Общая доктрина классификатора 108 звуковых сигналов (фиг.1) изображена на фиг.5. Подход может быть описан следующим образом. Классификация звуковых сигналов осуществляется в три стадии в логических модулях 501, 502 и 503, каждый из которых распознает конкретный класс сигналов. Детектор 501 активности сигнала (SAD) распознает активные и неактивные кадры сигнала. Данный детектор 501 активности сигнала является тем же самым, что и детектор 103 активности сигнала, обозначенный на фиг.1. Описание детектора активности сигнала было произведено в предшествующем описании.The general doctrine of the classifier 108 of sound signals (figure 1) is depicted in figure 5. The approach can be described as follows. Classification of audio signals is carried out in three stages in logic modules 501, 502 and 503, each of which recognizes a specific class of signals. The signal activity detector (SAD) 501 recognizes active and inactive signal frames. This signal activity detector 501 is the same as the signal activity detector 103 indicated in FIG. The signal activity detector was described in the previous description.

Если детектор 501 активности сигнала обнаруживает неактивный кадр (сигнал фонового шума), цепь классификации завершается, и, если поддерживается прерывистая передача (DTX), модуль 541 кодирования, который может быть объединен с кодировщиком 109 (фиг.1), кодирует кадр с генерацией комфортного шума (CNG). В отсутствие поддержки DTX кадр продолжается в классификацию активных сигналов и чаще всего классифицируется как кадр невокализованной речи.If the signal activity detector 501 detects an inactive frame (background noise signal), the classification circuit ends, and if discontinuous transmission (DTX) is supported, an encoding module 541, which can be combined with encoder 109 (FIG. 1), encodes a frame with generation of a comfortable noise (CNG). In the absence of DTX support, the frame continues to the classification of active signals and is most often classified as a frame of unvoiced speech.

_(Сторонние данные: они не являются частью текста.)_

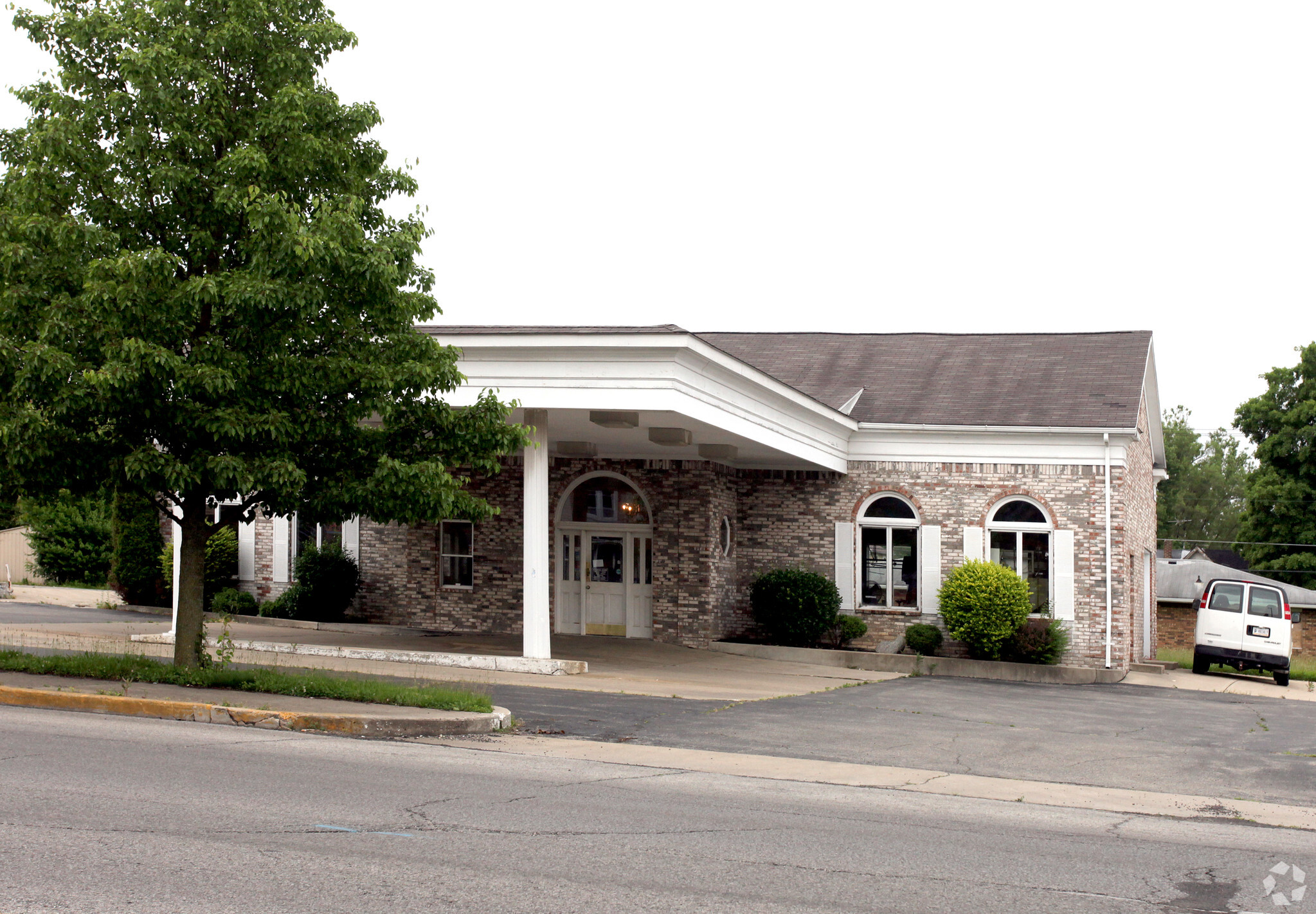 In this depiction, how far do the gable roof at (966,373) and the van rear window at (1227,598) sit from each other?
430 cm

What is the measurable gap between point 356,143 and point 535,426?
5268 millimetres

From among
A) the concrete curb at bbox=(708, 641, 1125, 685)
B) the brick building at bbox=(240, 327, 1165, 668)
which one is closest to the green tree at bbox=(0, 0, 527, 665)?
the brick building at bbox=(240, 327, 1165, 668)

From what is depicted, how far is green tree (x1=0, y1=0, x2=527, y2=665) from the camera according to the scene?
12.1m

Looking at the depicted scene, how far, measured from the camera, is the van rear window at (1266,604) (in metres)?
23.9

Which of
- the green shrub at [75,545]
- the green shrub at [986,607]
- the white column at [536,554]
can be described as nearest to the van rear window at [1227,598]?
the green shrub at [986,607]

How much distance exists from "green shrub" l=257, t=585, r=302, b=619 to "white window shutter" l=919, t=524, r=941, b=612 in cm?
1221

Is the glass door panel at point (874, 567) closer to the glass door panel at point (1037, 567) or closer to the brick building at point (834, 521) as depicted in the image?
the brick building at point (834, 521)

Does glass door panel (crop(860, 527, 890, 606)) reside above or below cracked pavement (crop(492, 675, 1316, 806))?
above

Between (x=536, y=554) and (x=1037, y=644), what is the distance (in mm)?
9443

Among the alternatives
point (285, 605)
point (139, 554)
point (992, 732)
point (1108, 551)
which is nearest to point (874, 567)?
point (1108, 551)

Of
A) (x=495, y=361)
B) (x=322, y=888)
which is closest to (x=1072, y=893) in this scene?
(x=322, y=888)

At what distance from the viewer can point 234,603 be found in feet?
84.0

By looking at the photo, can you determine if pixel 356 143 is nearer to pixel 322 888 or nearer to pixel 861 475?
pixel 322 888

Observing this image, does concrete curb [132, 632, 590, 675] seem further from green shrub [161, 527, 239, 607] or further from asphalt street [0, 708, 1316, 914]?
asphalt street [0, 708, 1316, 914] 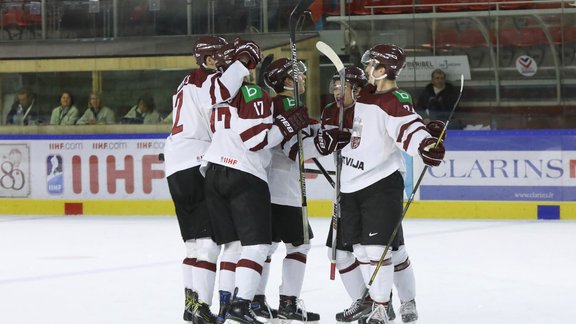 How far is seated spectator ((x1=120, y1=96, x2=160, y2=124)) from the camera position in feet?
34.3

При обнаружении детектором 501 звуковой активности активного кадра сигнала этот кадр подвергается обработке во втором классификаторе 502, распознающем невокализованные речевые сигналы. Если классификатор 502 классифицирует кадр как невокализованный речевой сигнал, цепь классификации завершается, и модуль 542 кодирования, который может быть объединен с кодировщиком 109 (фиг.1), кодирует кадр при помощи способа кодирования, оптимизированного для невокализованных речевых сигналов.Upon detection by the detector 501 of sound activity of an active signal frame, this frame is processed in a second classifier 502 that recognizes unvoiced speech signals. If the classifier 502 classifies the frame as an unvoiced speech signal, the classification chain terminates, and the encoding module 542, which can be combined with the encoder 109 (FIG. 1), encodes the frame using an encoding method optimized for unvoiced speech signals.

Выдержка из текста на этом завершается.